● **What you should do**:
The records that follow must be repeated exactly, minus the images.

---------- Study material ----------

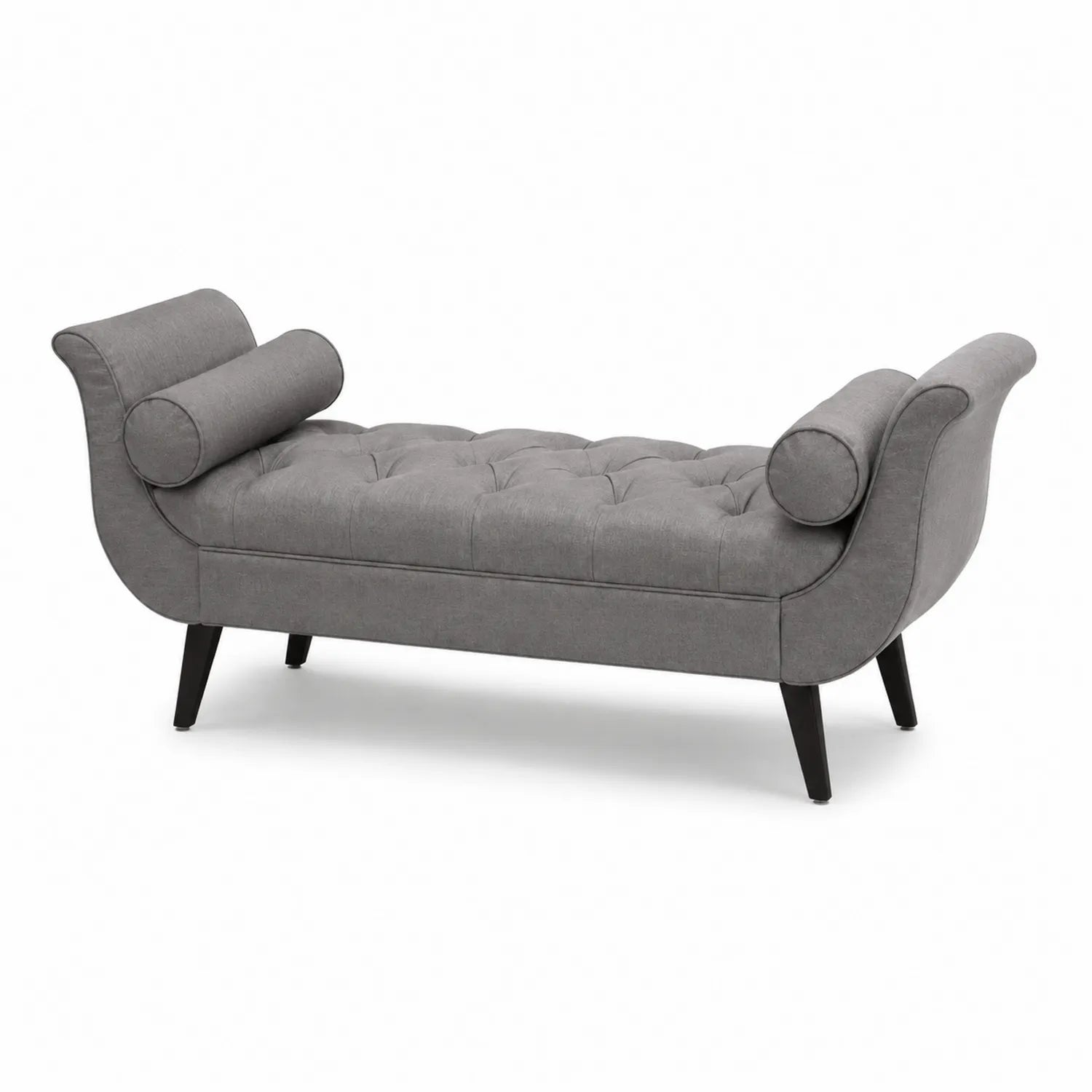 Stoff Chaiselongue in Grau mit Holzbeinen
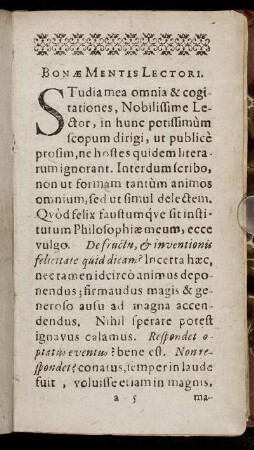 Bonae Mentis Lectori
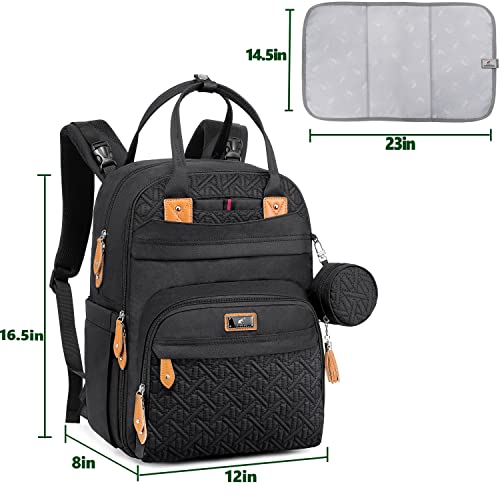 Diaper Bag Backpack, Leleblum Baby Diaper Bag With Changing Pad, Pacifier Case & Stroller Straps, Unisex Large Travel Back Pack, Multifunction Waterproof Diaper Backpack For Boys & Girls, Black #TOP6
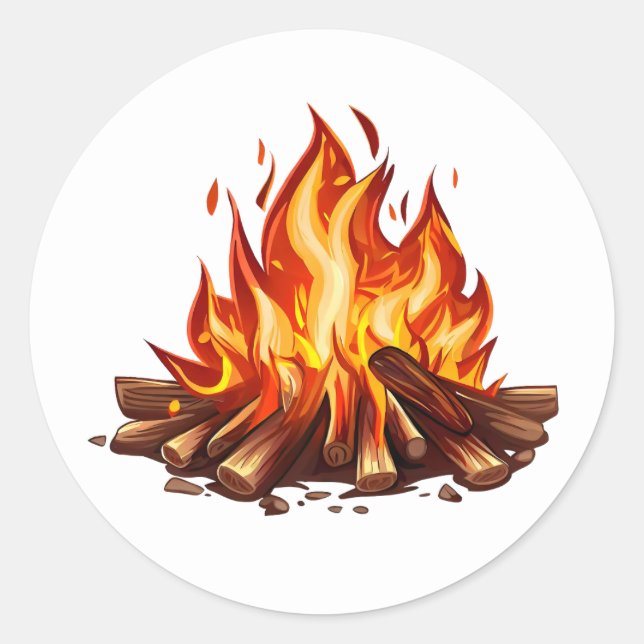 Sticker Rond Incendie de camp (Devant)
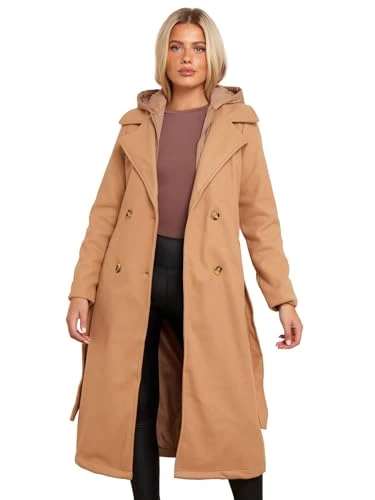 Womens Faux Wool Coat Maxi Length Jacket with Hood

----------

● **Result of this task**:
 Stoff Chaiselongue in Grau mit Holzbeinen
 Bonae Mentis Lectori
 Diaper Bag Backpack, Leleblum Baby Diaper Bag With Changing Pad, Pacifier Case & Stroller Straps, Unisex Large Travel Back Pack, Multifunction Waterproof Diaper Backpack For Boys & Girls, Black #TOP6
 Sticker Rond Incendie de camp (Devant)
 Womens Faux Wool Coat Maxi Length Jacket with Hood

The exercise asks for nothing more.